Antonio Tajani alla celebrazione dei 60 anni dei Trattati di Roma e dei 10 anni dell'Erc (foto LaPresse)

La buona idea di un partito conservatore

Moderato, europeo. Tajani può aiutare a far rivivere un po’ di Ppe in Italia

La scelta di Antonio Tajani come numero 2 di Forza Italia, se non è soltanto un’operazione cosmetica, può assumere un significato politico più rilevante di quelle legate alle varie figure che in precedenza avevano assunto ruoli simili, da Scajola a Verdini, a Alfano. Tajani ricopre una posizione di pregio, quella di presidente del Parlamento europeo, il che conferisce alla sua scelta un carattere europeista che va controcorrente, è stato eletto dall’assemblea di Strasburgo da una maggioranza conservatrice, popolare e liberale, e questo allude alla presenza anche in Italia di una formazione politica che assume questa collocazione.

    

Il fatto che in Italia non si sia mai affermata una forza esplicitamente conservatrice e democratica è la conseguenza del fallimento della classe dirigente liberale che portò all’affermazione del fascismo. La stessa Democrazia cristiana, che ha di fatto esercitato quel ruolo, aveva radici ideologiche diverse e in un certo senso opposte, che declinò nel quadro della contrapposizione tra Est e Ovest e perse la sua funzione centrale quando finì l’Urss.
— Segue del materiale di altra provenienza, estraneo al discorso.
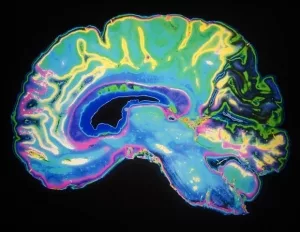 Brain Neuroimaging: Revealing the Brain’s Hidden Maps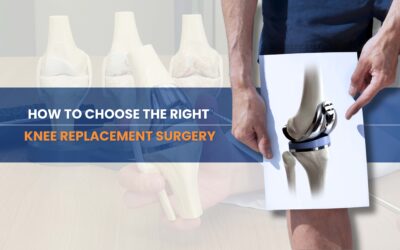 How to Choose the Right Knee Replacement Surgery for Your Budget and Needs at Wellness Hospitals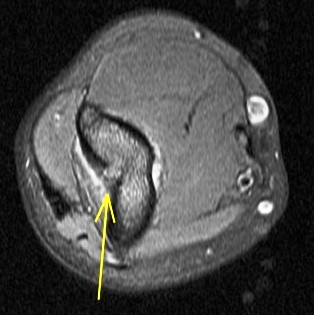Figure 5 for case Osteoid Osteoma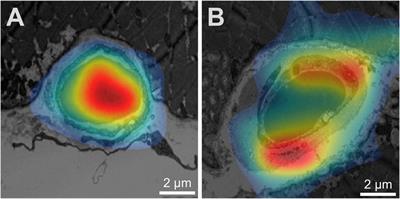 Deep learning-based classification of the capillary ultrastructure in human skeletal muscles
Forza Italia, ad essere un partito conservatore-liberale, non ci ha mai nemmeno provato seriamente.

     

Una forza conservatrice, in un panorama dominato da rivoltosi (magari da salotto o da talk show) sembra un anacronismo, ma è invece un ingrediente necessario ed equilibratore. Quelli che dicono che in Italia e in Europa non c’è niente da conservare in realtà camuffano con questo atteggiamento distruttivo l’incapacità di indicare trasformazioni necessarie e possibili. Tajani non sarà un capopopolo, ma di questi c’è già un eccesso, è una persona seria e moderata, e di questo invece non c’è certo abbondanza.